START Information shown

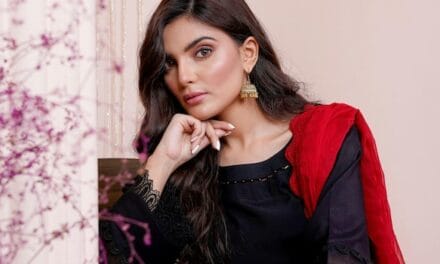 क्‍यों न कुछ स्‍टाइलिश हो जाए… फैशन में पीछे नहीं रहेंगी आप, अगर ट्राई करेंगी Sangria के ये Kurta Set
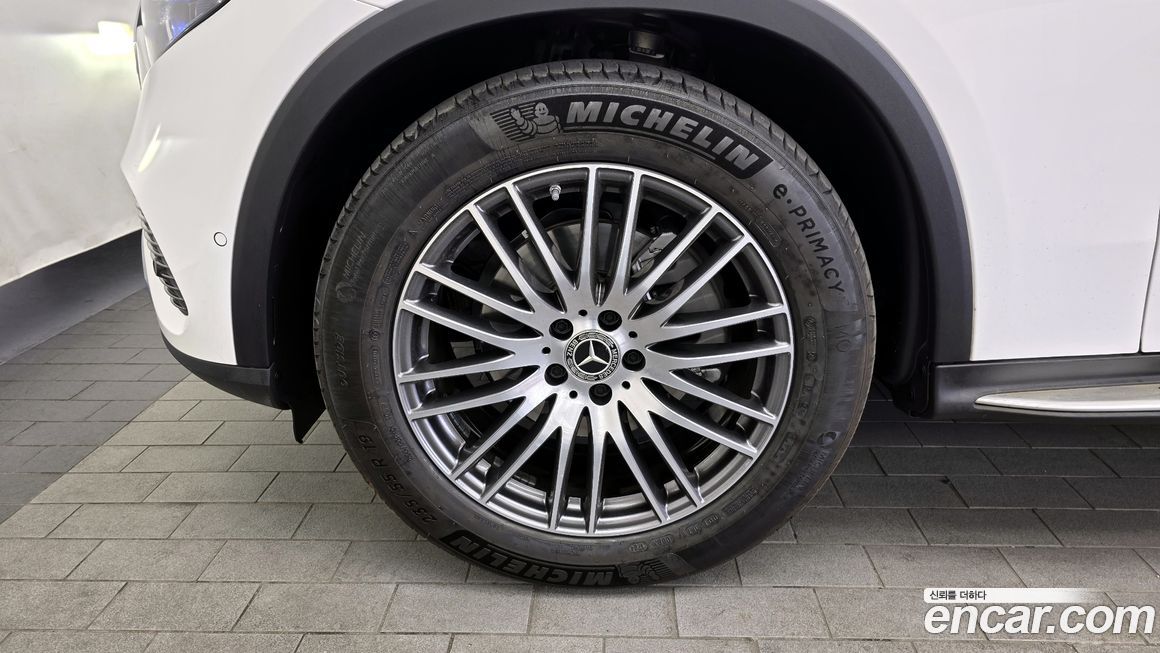 Mercedes-Benz GLC-Class 2024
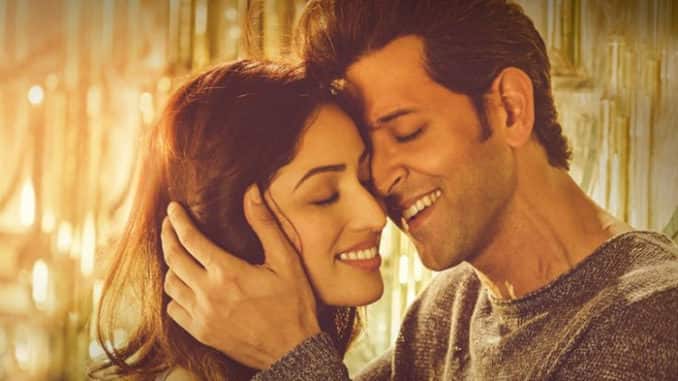   फिल्म 'काबिल' ने भी अपनी काबिलियत का खूब प्रदर्शन किया. संजय गुप्ता के निर्देशन में बनी इस फिल्म ने 126.85  करोड़ की कमाई की है.  'काबिल' में रितिक रोशन, यामी गौतम, रोनित रॉय, रोहित रॉय, उर्वशी रौतेला जैसे कलाकारों ने काम किया है.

END Information shown

Copy all of the data word for word, and keep the pictures out of it.

 क्‍यों न कुछ स्‍टाइलिश हो जाए… फैशन में पीछे नहीं रहेंगी आप, अगर ट्राई करेंगी Sangria के ये Kurta Set
 Mercedes-Benz GLC-Class 2024
   फिल्म 'काबिल' ने भी अपनी काबिलियत का खूब प्रदर्शन किया. संजय गुप्ता के निर्देशन में बनी इस फिल्म ने 126.85  करोड़ की कमाई की है.  'काबिल' में रितिक रोशन, यामी गौतम, रोनित रॉय, रोहित रॉय, उर्वशी रौतेला जैसे कलाकारों ने काम किया है.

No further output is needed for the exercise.